As figuras que se vêem desdobradas nesse espelho não brilham na escuridão, antes pelo contrário. "Todas as personagens carregam qualquer coisa de escuro. Funcionam como uma espécie de visão de uma pequena parte da condição humana. Cada uma delas transporta um tipo particular de sofrimento, de história de violência. São figuras em queda", explica Vasco Mendonça. Ao nível da escrita vocal, sobretudo na parte central da ópera em que a narrativa é interrompida e as personagens surgem como "uma procissão de sombras", o compositor quis dar uma impressão sonora particular de cada um. "Por exemplo, no caso da Mylia, as linhas vocais ecoam o seu lado espiritual e etéreo e a assertividade de Theodor traduz-se um bocadinho na escrita orquestral feita de cortes radicais", explica. Nalguns momentos, achou ainda oportuno introduzir uma espécie de oráculo: "As personagens em segundo plano formam um coro que pode ser entendido como a voz do mundo e que acaba por ser uma transformação dramática do que é o narrador no livro."

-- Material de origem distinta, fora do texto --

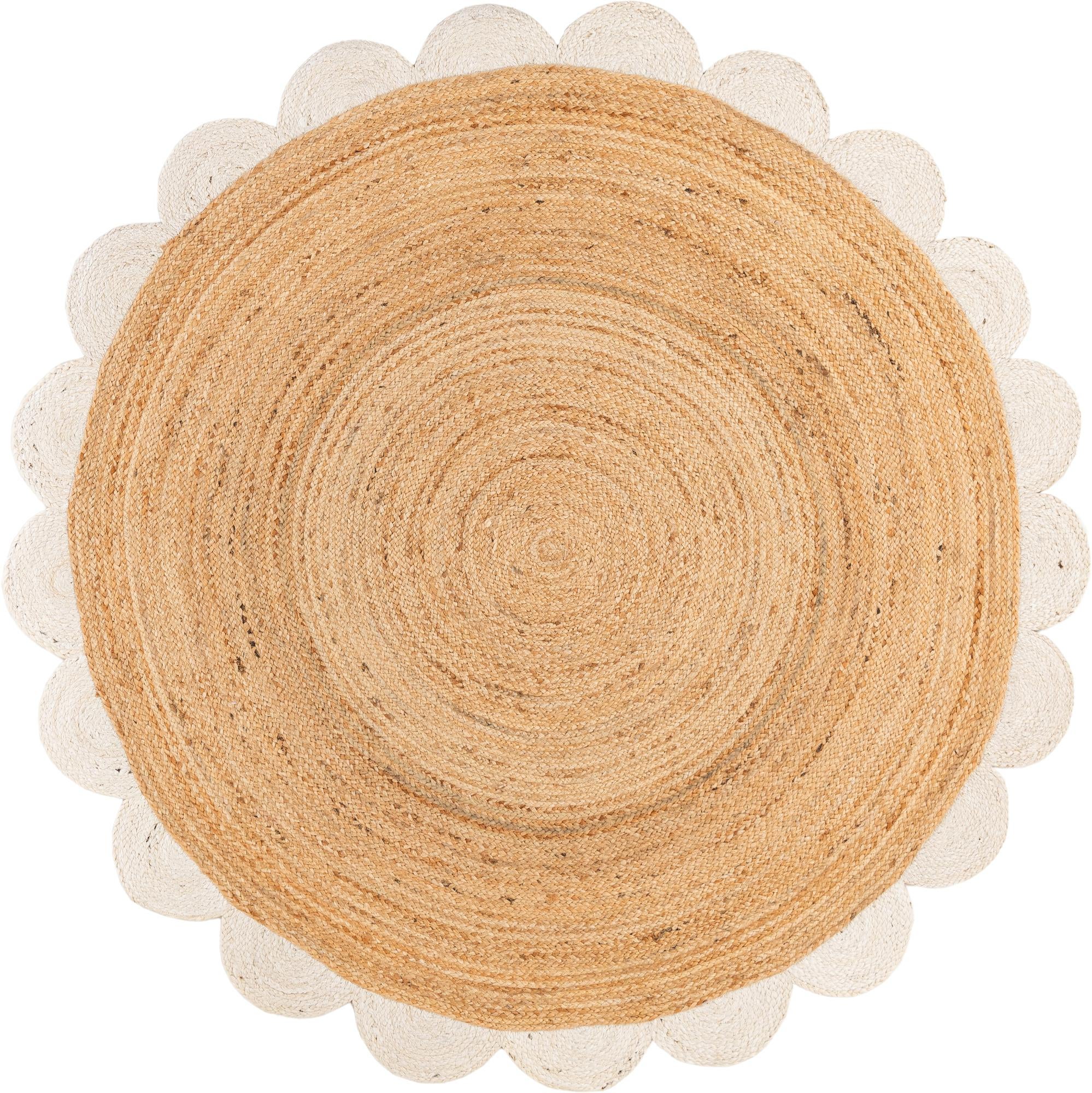 Rug Natural and Ivory Swatch link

A paixão pelo texto literário tem sempre acompanhado Vasco Mendonça, Actualmente tem um projecto de doutoramento no King's College de Londres, onde trabalha com o compositor George Benjamin em torno do modo como determinados tipos de texto (dramático, narrativo ou poético) podem influenciar a forma de uma peça musical. Formado pela Escola Superior de Música de Lisboa, Mendonça fez depois estudos de aperfeiçoamento na Holanda com Klaas de Vries e tem tido a sua obra interpretada em vários países europeus.

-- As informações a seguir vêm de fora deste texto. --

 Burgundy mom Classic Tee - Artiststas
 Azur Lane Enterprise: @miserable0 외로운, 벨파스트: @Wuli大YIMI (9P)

No plano da linguagem musical "Jerusalém" representa uma continuidade em relação a este percurso, mas o facto de se tratar de uma ópera condicionou a escrita, não tanto pelo peso histórico desta forma de expressão artística mas pela sua natureza teatral. "O mais específico desta peça não é tanto o tipo de material musical e a sua utilização mas o facto de se tratar de uma obra de teatro e música. Não tenho a visão de que é preciso sempre aperfeiçoar qualquer coisa quando criamos. Essa visão unidireccional da história pode ser contraproducente. O que me interessa é encontrar um equilíbrio entre uma abordagem mais sistemática e estruturalista da música e uma certa liberdade. Caso contrário, a música corre o risco de ficar um bocadinho asséptica."